The Friendster Profile (Elementary School)
My first encounter with web development wasn't in a classroom. It was on Friendster, when I was in elementary school and wanted my profile to look different from everyone else's. What started as copying snippets from forums quickly turned into actually understanding what I was copying. I wrote CSS for animations, custom color schemes, and background effects. I added JavaScript for interactive elements — modals, scrolling navigation effects, dynamic text. Then I went further and wrote PHP to build a visitor counter and an authenticated chatbox that displayed the commenter's profile name to prevent impersonation.
None of this was planned. It was just a kid who wanted a cool profile and kept following threads of curiosity until he accidentally learned full-stack web development — years before any formal computer science education.
High School — The Mentor Who Made It Click
The curiosity from Friendster carried into high school, but what sharpened it into something more was a teacher: Carmelo “Melo” Diaz. He was my computer and web development instructor, and more than anything else, a mentor I genuinely respected. He saw potential in me before I fully saw it in myself, and that recognition mattered.
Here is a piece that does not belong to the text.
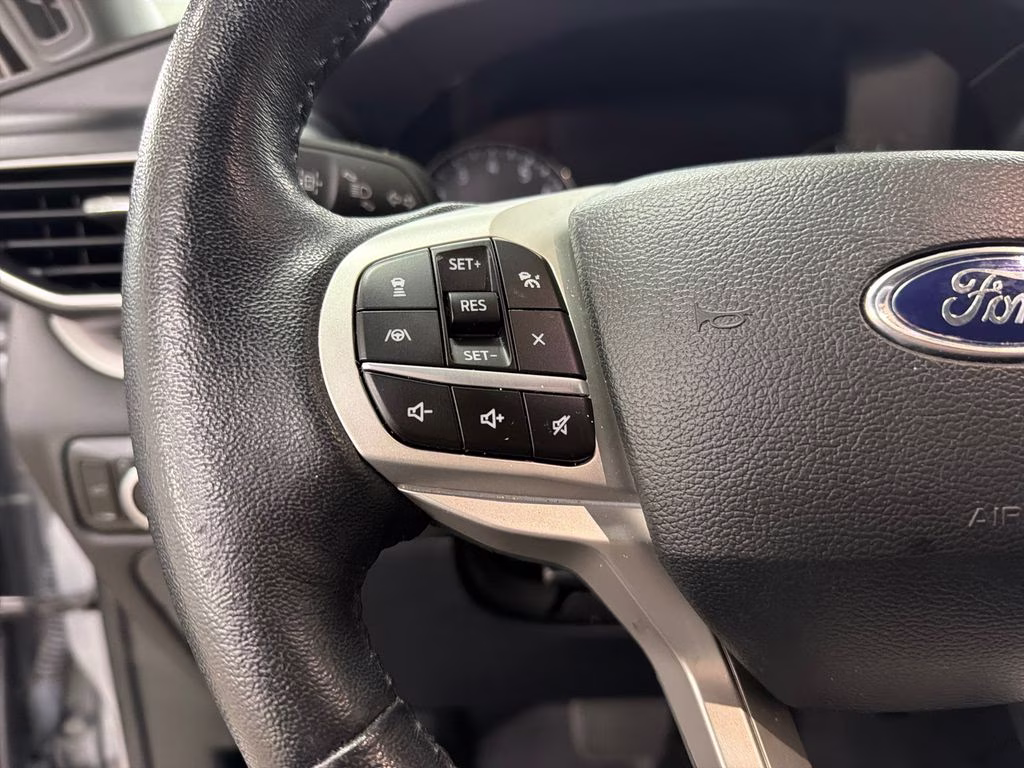 2023 Iconic Silver Metallic Ford Explorer XLT RWD SUV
The grades reflected it — consistently 99s and 100s on quizzes and exams. But the scores weren't really about talent. They were about mindset. Believing I could do it was more than half the battle; the skills just grew from there. Sir Melo gave me that foundation.
Outside of class, I had another habit nobody really taught me: dismantling laptops. I'd take them apart just to understand how everything fit together, then reassemble them — just to see if I could. Pure curiosity. The same instinct that drove me to reverse-engineer Friendster CSS now had me learning what a heatsink does and why RAM slots matter.
The College Thesis (First Real Project)
For my senior thesis at AMA Computer College, I proposed digitizing my university's entirely paper-based administrative forms system. The core of the project was a custom WordPress plugin that could dynamically generate forms with conditional logic — showing or hiding fields based on user input, applying validation rules per field type, and managing submissions through an approval workflow.
The build was the easier part. The majority of the work went into the research: documenting the methodology, the development process, the testing, and the findings in a bound thesis. It was also where I first learned to think in flowcharts — mapping out every conditional branch of the form logic as proper flowchart diagrams, with decision nodes, process boxes, and defined flow formats, before writing a single line of code. A habit that stuck. It was my first experience of the full arc of a real project — from problem identification through solution design, implementation, and formal documentation. It also happened to be my first serious WordPress project.
Eight years of professional work later, I still trace the same thread: find the interesting problem, follow the curiosity, build the thing that solves it well.